Global Packaging Films (Private) Limited: Therefore, the company undertook a project to increase its name-plate capacity of BOPP films by 59,480 tons p.a. in 2021 and incorporated Global Packaging Films (Private) Limited for this purpose.

Expansion capacity is expected to come live in Q4 FY2024, which will increase BOPP films manufacturing capacity to 100,840 tons p.a. from the current level of 41,360 tons p.a.

Associated Risks:

Every investment carries inherent risks, and this IPO is no exception. Considering the nature of the business, the company faces Vendor Concentration risk due to a narrow chain of suppliers.

Core raw materials utilized by IPAK are Homopolymer, Copolymer and Masterbatches which are being traded in various global commodity markets with pricing determined every week for settlement.

Thus, the cost of sales for the company is also influenced by fluctuations in the polymer chain.

In addition, raw material shortage directly impacts operational efficiency, hampers timely order fulfilment, and poses challenges to maintaining competitive pricing.
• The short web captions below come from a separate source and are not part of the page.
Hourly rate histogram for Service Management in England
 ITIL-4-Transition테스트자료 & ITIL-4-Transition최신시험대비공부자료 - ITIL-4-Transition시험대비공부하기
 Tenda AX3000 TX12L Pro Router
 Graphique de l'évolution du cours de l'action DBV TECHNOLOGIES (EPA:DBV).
The company’s major raw materials used for the production of packaging film types of BOPP, CPP and BOPET are exposed to an adverse impact from heightened volatility or persistent depreciation in the value of the Rupee against the US Dollar.

Rupee devaluation will inflate the raw material cost, thus driving the cost of production and forcing the industry to pass on this cost escalation to the end consumer.